-- REQUIRED WORK --
Once the line containing "محافظ القليوبية يشارك" is found in the entries below, reproduce it and every line after it, stopping at and including the line containing "Horloge murale avec"; reproduce nothing else, and keep each line exact.

-- DATASET CONTENT --
= = = =
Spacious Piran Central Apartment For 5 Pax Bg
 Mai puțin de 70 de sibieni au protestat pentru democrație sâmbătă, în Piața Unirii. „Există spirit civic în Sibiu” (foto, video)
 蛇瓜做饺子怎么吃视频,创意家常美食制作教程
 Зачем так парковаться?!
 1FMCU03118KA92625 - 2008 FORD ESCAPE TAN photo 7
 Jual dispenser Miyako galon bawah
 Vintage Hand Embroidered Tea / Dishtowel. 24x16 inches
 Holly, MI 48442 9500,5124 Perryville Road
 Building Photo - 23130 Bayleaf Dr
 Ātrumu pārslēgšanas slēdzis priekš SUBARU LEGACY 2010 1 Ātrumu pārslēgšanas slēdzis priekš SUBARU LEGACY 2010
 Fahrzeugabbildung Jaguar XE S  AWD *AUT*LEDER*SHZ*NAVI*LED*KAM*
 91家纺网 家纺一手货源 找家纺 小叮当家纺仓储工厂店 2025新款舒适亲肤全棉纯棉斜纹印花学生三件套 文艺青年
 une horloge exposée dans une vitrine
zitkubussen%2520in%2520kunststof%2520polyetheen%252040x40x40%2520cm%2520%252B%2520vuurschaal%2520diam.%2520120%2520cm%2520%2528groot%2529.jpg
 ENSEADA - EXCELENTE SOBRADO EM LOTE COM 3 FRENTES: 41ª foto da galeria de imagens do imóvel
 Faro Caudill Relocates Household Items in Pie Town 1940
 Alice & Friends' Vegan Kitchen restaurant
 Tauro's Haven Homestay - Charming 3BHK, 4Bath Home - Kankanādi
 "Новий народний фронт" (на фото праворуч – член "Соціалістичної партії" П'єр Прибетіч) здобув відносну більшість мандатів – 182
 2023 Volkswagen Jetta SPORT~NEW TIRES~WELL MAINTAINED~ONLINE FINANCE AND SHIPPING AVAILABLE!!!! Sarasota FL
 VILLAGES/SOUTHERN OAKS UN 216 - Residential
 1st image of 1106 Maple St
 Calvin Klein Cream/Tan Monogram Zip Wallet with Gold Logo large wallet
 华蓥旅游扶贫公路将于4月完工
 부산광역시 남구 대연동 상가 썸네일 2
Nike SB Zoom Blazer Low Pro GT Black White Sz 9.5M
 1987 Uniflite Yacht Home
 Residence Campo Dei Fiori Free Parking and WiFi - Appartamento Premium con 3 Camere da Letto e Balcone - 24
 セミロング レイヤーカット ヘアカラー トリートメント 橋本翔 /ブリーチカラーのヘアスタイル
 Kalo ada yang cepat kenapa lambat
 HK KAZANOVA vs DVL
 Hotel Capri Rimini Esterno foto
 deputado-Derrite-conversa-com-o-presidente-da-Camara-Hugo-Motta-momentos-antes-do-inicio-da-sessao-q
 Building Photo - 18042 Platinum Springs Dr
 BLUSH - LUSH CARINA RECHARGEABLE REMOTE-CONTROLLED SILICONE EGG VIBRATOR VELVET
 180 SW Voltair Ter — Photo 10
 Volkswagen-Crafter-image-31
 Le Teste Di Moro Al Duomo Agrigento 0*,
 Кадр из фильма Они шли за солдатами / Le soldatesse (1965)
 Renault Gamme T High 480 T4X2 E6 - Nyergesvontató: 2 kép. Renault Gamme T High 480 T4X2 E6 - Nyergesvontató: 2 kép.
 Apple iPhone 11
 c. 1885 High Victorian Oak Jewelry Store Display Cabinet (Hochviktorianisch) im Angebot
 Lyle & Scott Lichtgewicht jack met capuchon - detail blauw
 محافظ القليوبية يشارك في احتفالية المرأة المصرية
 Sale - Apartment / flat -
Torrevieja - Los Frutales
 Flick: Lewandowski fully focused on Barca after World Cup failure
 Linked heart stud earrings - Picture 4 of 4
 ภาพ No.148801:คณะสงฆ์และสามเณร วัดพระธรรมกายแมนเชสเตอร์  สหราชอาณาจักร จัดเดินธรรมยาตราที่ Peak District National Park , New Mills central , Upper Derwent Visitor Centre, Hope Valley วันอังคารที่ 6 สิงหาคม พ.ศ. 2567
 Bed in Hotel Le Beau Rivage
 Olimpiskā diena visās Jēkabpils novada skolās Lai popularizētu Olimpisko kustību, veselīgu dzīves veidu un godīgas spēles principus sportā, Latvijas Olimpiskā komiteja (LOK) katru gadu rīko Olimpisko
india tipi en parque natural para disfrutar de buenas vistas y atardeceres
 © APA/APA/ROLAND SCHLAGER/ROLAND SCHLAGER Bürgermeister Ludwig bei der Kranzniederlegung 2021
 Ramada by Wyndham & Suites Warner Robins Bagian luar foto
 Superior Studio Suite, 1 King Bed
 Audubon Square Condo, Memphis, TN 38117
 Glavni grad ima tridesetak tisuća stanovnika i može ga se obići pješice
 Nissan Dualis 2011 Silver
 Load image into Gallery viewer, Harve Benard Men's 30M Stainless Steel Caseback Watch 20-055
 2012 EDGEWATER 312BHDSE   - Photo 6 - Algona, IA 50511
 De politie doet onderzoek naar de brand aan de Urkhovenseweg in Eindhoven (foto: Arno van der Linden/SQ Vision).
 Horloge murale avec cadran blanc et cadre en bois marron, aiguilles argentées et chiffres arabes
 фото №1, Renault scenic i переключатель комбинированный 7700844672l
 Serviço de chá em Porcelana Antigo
= = = =
-- RESPONSE --
 محافظ القليوبية يشارك في احتفالية المرأة المصرية
 Sale - Apartment / flat -
Torrevieja - Los Frutales
 Flick: Lewandowski fully focused on Barca after World Cup failure
 Linked heart stud earrings - Picture 4 of 4
 ภาพ No.148801:คณะสงฆ์และสามเณร วัดพระธรรมกายแมนเชสเตอร์  สหราชอาณาจักร จัดเดินธรรมยาตราที่ Peak District National Park , New Mills central , Upper Derwent Visitor Centre, Hope Valley วันอังคารที่ 6 สิงหาคม พ.ศ. 2567
 Bed in Hotel Le Beau Rivage
 Olimpiskā diena visās Jēkabpils novada skolās Lai popularizētu Olimpisko kustību, veselīgu dzīves veidu un godīgas spēles principus sportā, Latvijas Olimpiskā komiteja (LOK) katru gadu rīko Olimpisko
india tipi en parque natural para disfrutar de buenas vistas y atardeceres
 © APA/APA/ROLAND SCHLAGER/ROLAND SCHLAGER Bürgermeister Ludwig bei der Kranzniederlegung 2021
 Ramada by Wyndham & Suites Warner Robins Bagian luar foto
 Superior Studio Suite, 1 King Bed
 Audubon Square Condo, Memphis, TN 38117
 Glavni grad ima tridesetak tisuća stanovnika i može ga se obići pješice
 Nissan Dualis 2011 Silver
 Load image into Gallery viewer, Harve Benard Men's 30M Stainless Steel Caseback Watch 20-055
 2012 EDGEWATER 312BHDSE   - Photo 6 - Algona, IA 50511
 De politie doet onderzoek naar de brand aan de Urkhovenseweg in Eindhoven (foto: Arno van der Linden/SQ Vision).
 Horloge murale avec cadran blanc et cadre en bois marron, aiguilles argentées et chiffres arabes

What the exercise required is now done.